There are only four tools you need to start gardening right now: a digging fork, a hand trowel, a soil rake, and a watering can. All these are available at any hardware store or your local nursery. Getting your watering can from one of these places is fine, but let the buyer beware on tools. They don't make 'em the way they used to. If you want to go on the cheap, your tools may not outlast the first month. No kidding. For even the casual gardener, the best value is to pay for the best names, like Sandvik, Felco, Spear and Jackson, Brookstone, or Garden Tools of Maine. Look for sturdy, hand-forged construction, particularly with the digging fork and soil rake. Expect to pay in the upper 20s and 30s for a set of these items.

My favorite set of hand tools comes from Brookstone's. They're made of die-cast aluminum with fat, non-slip handles. The set sells for $35 — a pretty good price considering you get the trowel plus a cultivator, fork, planter, and a narrow weeder.

Down the line, if you get tired of using your office scissors to trim the hedges and the dustpan to move yard piles, add the following tools to your garden box: extra sharp pruners, an edger, a shovel, and a maddox. For bigger jobs, rent rather than purchase the tools you need: tillers for turning large amounts of soil, jackhammers for digging fence post holes. Until then, you're right — the kitchen knife makes a fine gardening tool.

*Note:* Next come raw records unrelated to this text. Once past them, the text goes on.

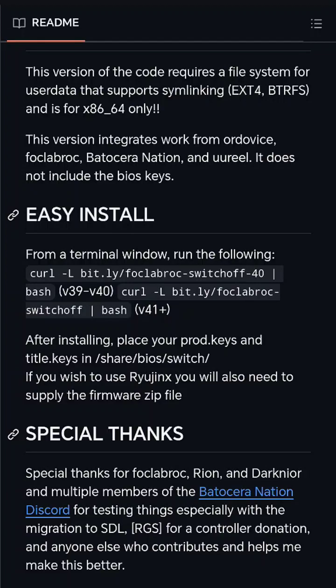It'll install Ryujinx, Yuzu, and Citra as well.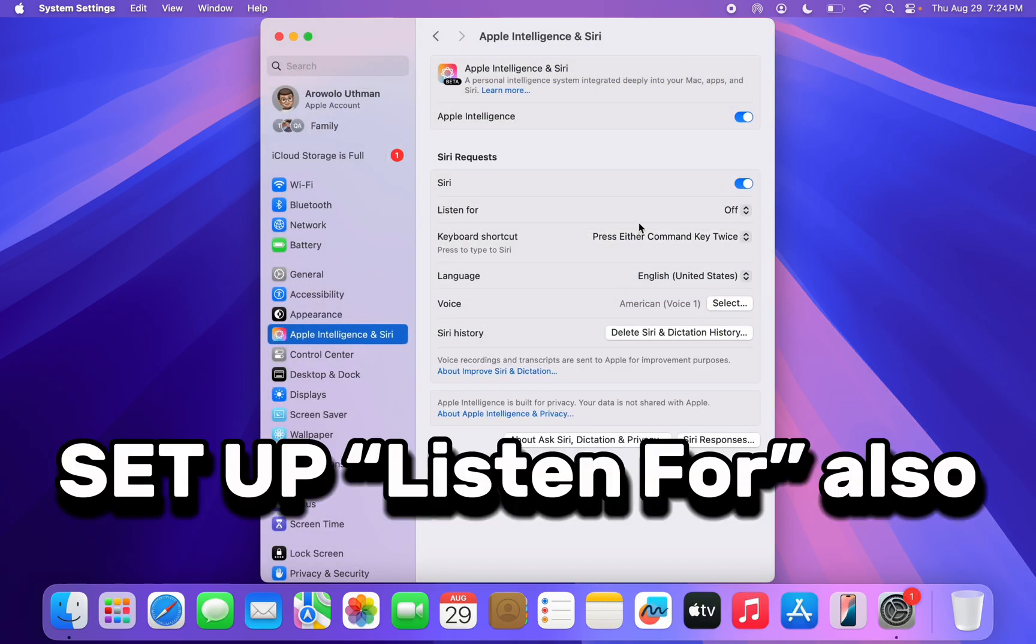And that's it. It is very easy and straightforward. You can now make use of Apple Intelligence and Siri on your Mac. If you found this video helpful, smash the like button and subscribe.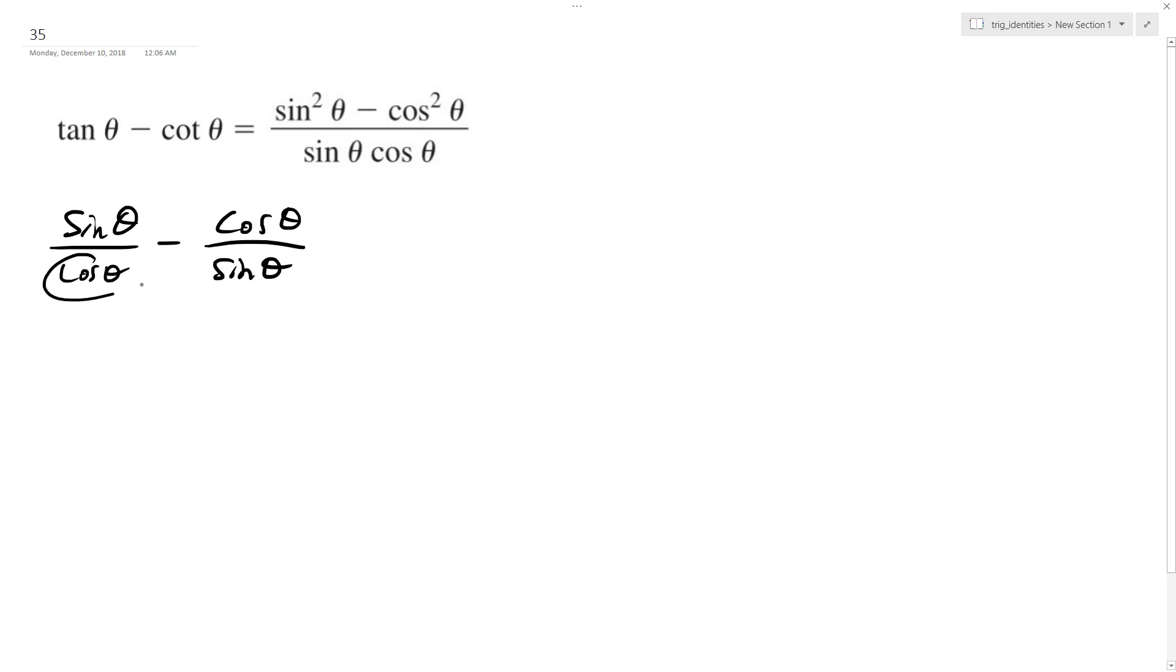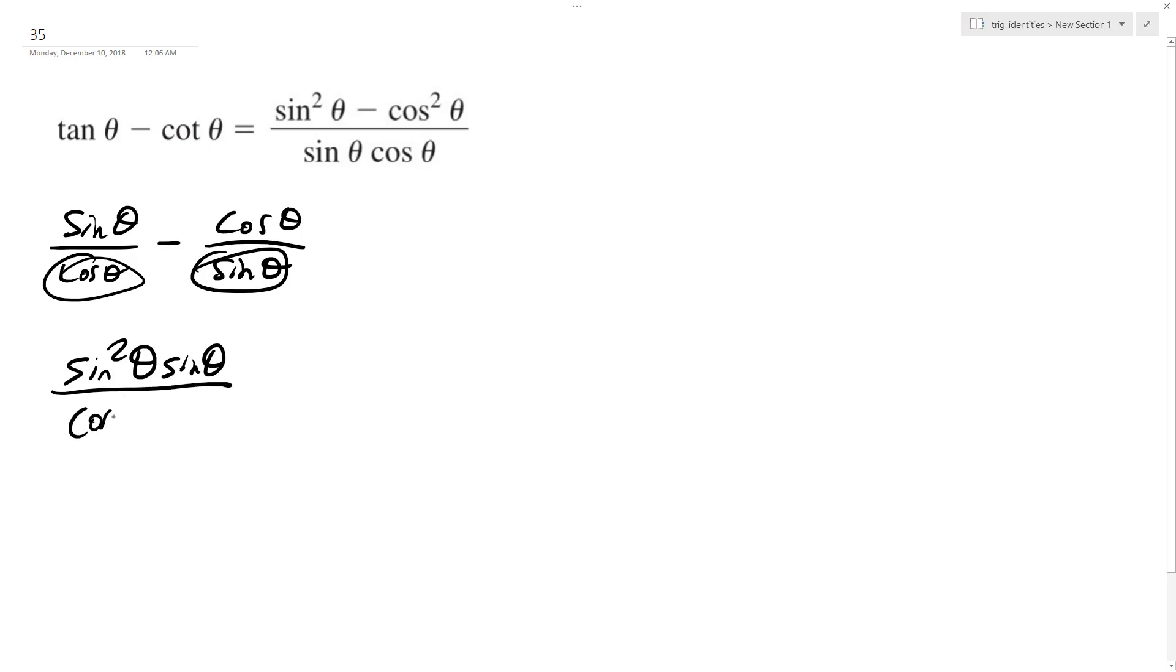So to get a common denominator, I need a cosine and a sine, so I get sine squared theta, sine squared theta, over cosine theta, sine theta. I don't know why I put a sine squared theta, I'm just demonstrating this here.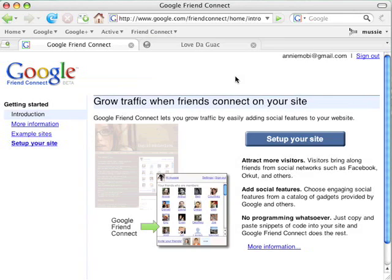Hi, I'm Mussy Shore, Product Manager for Google Friend Connect. Google Friend Connect lets you grow traffic by easily adding social features to your website. Let's start by looking at Google Friend Connect from the eyes of a site owner, Annie Moby.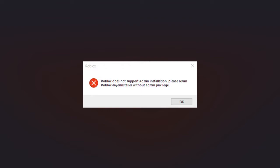If you encounter this error while attempting to install Roblox with administrator privileges, there are two solutions to resolve it. Here are the steps for each.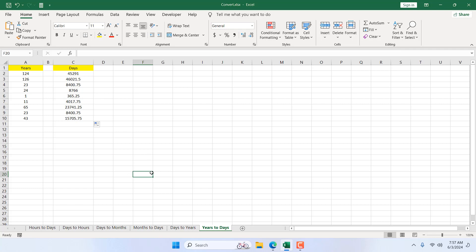So this is how you can convert years to days in Microsoft Excel. This is what I wanted to show you. Thank you, thanks for watching. See you in the next tutorial. If you can support the channel through Patreon, and don't forget to subscribe.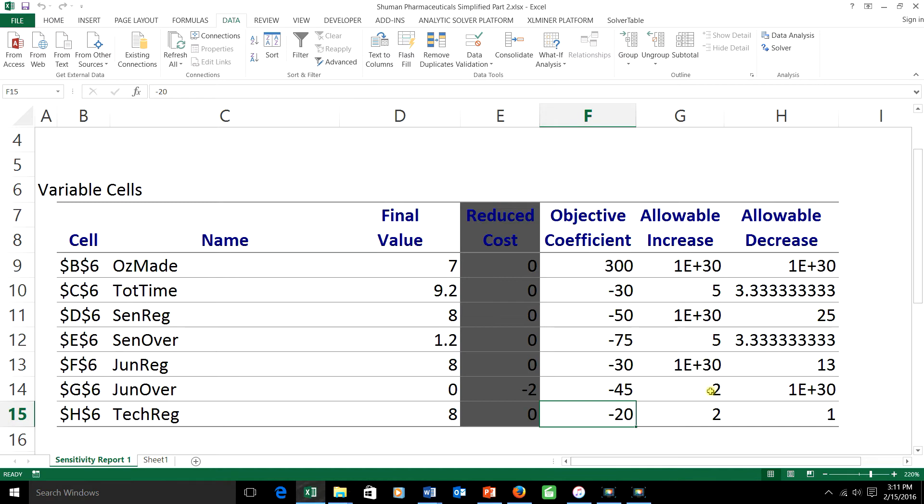I'm okay as far as each individual constraint. That means that this change by itself or this change by itself would not change my optimal schedule. But how about the combination?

These days, I search for old tools the way people search for found art at a flea market. Which is where I look, in fact, since good tools are a sort of lost art. Modern tools are expensive even at discount stores, and they're cheaply made, with soft wood handles poorly connected to the metal end. They can begin to rust within a month of purchase. What a waste! Instead, why not enjoy a long, pleasant search for an old coal shovel with a rugged wood handle; an aged, indestructible metal wheelbarrow; or a hickory-handled pickax at this summer's street markets and garage sales? The price will be cheap and the tool worth the wait.